Only 2% of Hong Kong organisations are fully prepared to be ‘pacesetters’
According to Microsoft’s 2025 Annual Work Trend Index, AI proficiency has become a non-negotiable asset. While the index found that 76% of Hong Kong businesses surveyed expected to use ‘digital labour’ to expand their workforce, the Cisco 2025 AI Readiness Index revealed that only 2% of Hong Kong organisations are fully prepared to be ‘pacesetters’. (According to Cisco’s definition, a pacesetter is an organisation that adopts a system-level approach balancing infrastructure, data, governance, people and culture.)
‘Split-screen’ moment
Similar to many other markets, Hong Kong is experiencing a ‘split-screen’ moment, characterised by a mix of adoption enthusiasm and fears about job security. For example, the introduction of mandatory regulation accountability such as the Protection of Critical Infrastructures (Computer Systems) Ordinance (effective from 1 January 2026) has created a demand for ‘AI guardians’: typically professionals with comprehensive domain expertise combined with technical literacy. Reflected in the premium salaries being offered, the transition from general AI to agentic AI – which is focused on autonomous decision-making – is also creating a demand for supervisors with the knowledge and skills to shift the focus from digital execution to agentic AI curation.

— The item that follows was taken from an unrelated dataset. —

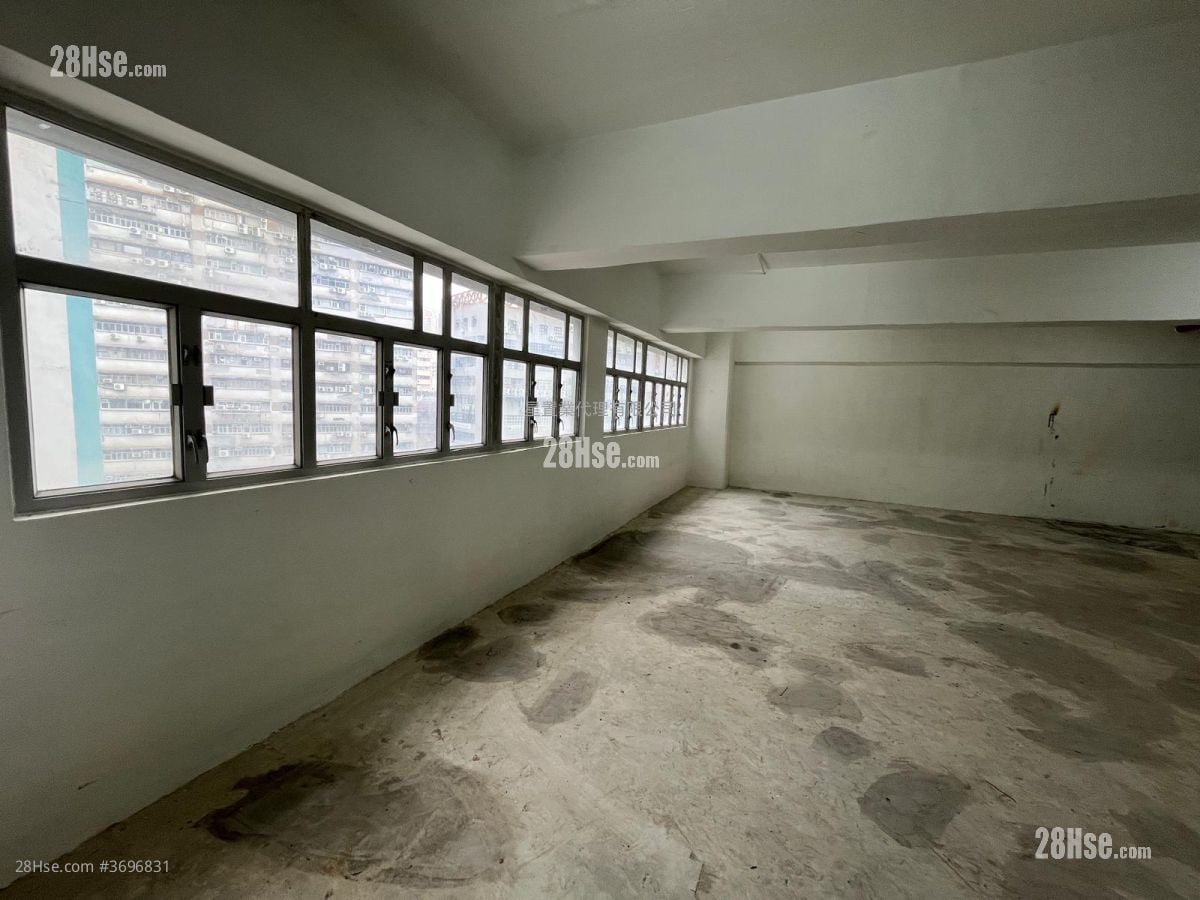 保盈工業大廈 租盤 2 廁所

If the first step of the career ladder is lost, the rest of the ladder is likely to collapse
Meanwhile, the Joint Institution Job Information System, a centralised online platform shared by Hong Kong’s eight publicly funded universities, reports that ‘class of 2025’ graduates are facing challenging career prospects, with 69% of job sectors recording their fewest vacancies in six years, a trend that experts say can be linked to the rise of AI.

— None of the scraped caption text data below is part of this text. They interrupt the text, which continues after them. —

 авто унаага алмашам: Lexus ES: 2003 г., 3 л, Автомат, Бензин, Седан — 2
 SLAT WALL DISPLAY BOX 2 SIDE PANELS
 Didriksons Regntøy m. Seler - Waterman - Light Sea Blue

However, a number of Hong Kong recruitment specialists caution that, while replacing entry-level roles with AI technology may seem like a practical solution, it could prove to be detrimental in the long run. As one recruitment specialist put it, ‘no entry-level roles and no hands-on training and experience could result in a lack of competent leaders in in the future’.
As things stand, Hong Kong’s Big Four firms are actively targeting students graduating by June 2026 for graduate trainee roles in auditing, tax and environmental, social and governance. They are seemingly heeding the concept that, if the first step of the career ladder is lost, the rest of the ladder is likely to collapse.